Date de publication :

Dans un contexte de recrudescence des tensions géopolitiques, l’enjeu de la souveraineté se décline désormais sur le terrain technologique, avec une volonté croissante des entreprises européennes de se libérer de dépendances extérieures. Sur le segment de la cybersécurité, cette préoccupation conduit les grands comptes et les intégrateurs IT installés dans l’Union Européenne à considérer de plus près les offres tricolores, réputées qualitatives et adaptées à un large spectre de besoins. En Roumanie et dans les pays du Benelux, sièges de nombreux clusters cyber, Business France compte profiter de ce regain d’intérêt pour accélérer les rencontres d’affaires et les opérations de networking en 2025.
Une filière active en France
« La filière française peut s’enorgueillir de grands noms comme Thalès, Idemia ou Orange, mais aussi de solides PME et ETI capables d’adresser des problématiques de niche », rappelle Sorina Moldovanu, conseillère export sur les sujets Tech et Services au sein du bureau roumain de Business France. Une diversité évoquée dans le plan France 2030 qui fait de la cybersécurité un segment prioritaire et favorise la consolidation de la filière : au total, plus de cinquante consortiums ont été formés entre 2021 et 2024 et des dizaines de projets lauréats ont bénéficié de soutien public dans le cadre d’appels à projets.
« En Roumanie, cet esprit filière est très présent, note Sorina Moldovanu. La French Tech de Bucarest est l’une des communautés internationales les plus actives du réseau. Les leaders français y jouent un rôle important pour accélérer la visibilité du secteur auprès des donneurs d’ordre : par exemple, chaque année, Orange publie un ‘radar cyber’ très consulté en Roumanie ».
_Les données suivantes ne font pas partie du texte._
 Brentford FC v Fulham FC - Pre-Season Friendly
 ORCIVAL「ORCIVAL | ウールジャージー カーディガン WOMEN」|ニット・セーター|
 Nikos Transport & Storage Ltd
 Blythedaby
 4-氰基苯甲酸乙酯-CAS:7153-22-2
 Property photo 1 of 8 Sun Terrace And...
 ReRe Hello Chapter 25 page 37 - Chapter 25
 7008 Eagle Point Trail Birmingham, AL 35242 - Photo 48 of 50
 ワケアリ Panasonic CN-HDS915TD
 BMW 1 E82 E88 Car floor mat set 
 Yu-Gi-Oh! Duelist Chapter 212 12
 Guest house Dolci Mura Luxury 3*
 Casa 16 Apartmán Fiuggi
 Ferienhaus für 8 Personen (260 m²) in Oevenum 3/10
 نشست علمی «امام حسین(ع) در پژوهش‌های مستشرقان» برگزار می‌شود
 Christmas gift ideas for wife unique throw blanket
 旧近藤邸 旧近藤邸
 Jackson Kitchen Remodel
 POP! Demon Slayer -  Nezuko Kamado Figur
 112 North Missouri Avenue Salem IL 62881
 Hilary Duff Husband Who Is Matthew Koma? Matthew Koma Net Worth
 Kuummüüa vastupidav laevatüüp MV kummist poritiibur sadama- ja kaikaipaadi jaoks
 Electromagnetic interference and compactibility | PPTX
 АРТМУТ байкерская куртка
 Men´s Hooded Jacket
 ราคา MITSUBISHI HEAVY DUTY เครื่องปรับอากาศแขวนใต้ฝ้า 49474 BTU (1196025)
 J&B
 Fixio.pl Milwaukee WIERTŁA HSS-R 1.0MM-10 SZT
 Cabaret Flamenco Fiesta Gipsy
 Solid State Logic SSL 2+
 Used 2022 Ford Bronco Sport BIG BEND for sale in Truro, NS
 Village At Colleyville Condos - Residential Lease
Roumanie : l’urgence face aux attaques
L’année 2024 a été marquée par des attaques de ransomware, avec des impacts majeurs sur des secteurs critiques comme la santé, l’énergie ou la finance. Blocages de dizaines d’hôpitaux en février 2024, cyberattaque de la mairie de Timisoara en août 2024 et perturbations lors des élections législatives de 2025 : les tensions liées à la guerre en Ukraine se translatent sur le terrain informatique, portant l’empreinte de groupements comme Killnet.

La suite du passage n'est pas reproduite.